A representative view is: “In contemporary times, features of traditional robes such as wide belts and long skirts have all become downfalls, and is increasingly unfit for the accelerating pace of life. This kind of wide clothing impedes work, and early on people have already improved and compromised upon it. The strict social stratification of dress code is unfit for contemporary values of equality, and represses the typical civilian’s pursuit for elegant clothe.

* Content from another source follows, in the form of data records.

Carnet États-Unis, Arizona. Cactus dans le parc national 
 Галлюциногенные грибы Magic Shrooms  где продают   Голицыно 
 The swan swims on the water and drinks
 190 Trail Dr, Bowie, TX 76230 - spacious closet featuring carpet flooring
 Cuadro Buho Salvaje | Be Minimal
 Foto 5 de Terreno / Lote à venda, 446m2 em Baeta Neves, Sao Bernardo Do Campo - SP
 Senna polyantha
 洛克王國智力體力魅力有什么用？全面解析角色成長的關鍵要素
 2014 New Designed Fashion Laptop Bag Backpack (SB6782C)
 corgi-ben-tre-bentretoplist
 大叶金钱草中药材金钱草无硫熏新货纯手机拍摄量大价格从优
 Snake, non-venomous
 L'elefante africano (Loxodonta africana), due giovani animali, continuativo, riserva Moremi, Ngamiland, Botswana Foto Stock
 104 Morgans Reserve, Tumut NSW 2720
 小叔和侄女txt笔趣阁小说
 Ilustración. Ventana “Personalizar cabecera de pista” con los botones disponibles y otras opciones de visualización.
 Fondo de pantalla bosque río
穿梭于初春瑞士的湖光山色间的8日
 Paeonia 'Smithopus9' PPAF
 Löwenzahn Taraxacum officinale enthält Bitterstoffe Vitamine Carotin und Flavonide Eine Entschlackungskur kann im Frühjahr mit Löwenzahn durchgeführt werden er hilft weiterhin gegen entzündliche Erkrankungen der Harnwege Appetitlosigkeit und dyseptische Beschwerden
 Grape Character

Also, its complexity makes people unaccustomed to it. [1:379]
” Hence, traditional Han dress lacks real need and social basis, and its reappearance on the streets would only lead others to think of it as a display of ‘antiquarianism’, and ‘moves against the tide’, without any particular social meaning, as China’s acceptance of the Western view of civilization and progress also shows that there is no need for the revival of traditional Han dress.” The above description attempted to describe the meaning of the change from a utilitarian angle, but overlooks the political culture and historical coonnection, especially of its over-simplified account towards the reappearance of Han dress onto the streets. The fact is, the revival of Han dress then not only had a social basis, but also had profound historical and utilitarian meanings.
1: The revival of Han dress has a certain societal basis. Ever since the fall of the Ming, the Han have taken the Queue Order as a painful token to remind them of the shame in losing the country, and it re-escalated during the antagonization towards the end of the Qing. “Restoring Huaxia dress” was a message by the democratic revolutionary bourgeoisie with utmost clarity in meaning: “The recent shame to our country and fallen armies, our realms divided and threatening our borders; our great Huaxia is considered unworthy by our neighbours, our artifacts and dress taken lightly by foreign races. (近之辱國喪師﹑剪藩壓境﹑堂堂華夏不齒於鄰邦﹑文物冠賞被輕於異族。)” “Retribution over shame, expelling foreign races, and restore our headdress and clothes. (雪仇耻,驅外族,復我冠裳。)” “The demons and spirits in the ancestral temples are not of the ones [of our] countryside altars; the hair queues and braids are not fashion [of our] bian and mian coronets; the Qing written form and national language, is not the decorum and pattern of our culture. (堂子妖神,非郊丘之教; 辮髮纓絡,非弁冕之服; 清書國语,非斯、邈之文。)” 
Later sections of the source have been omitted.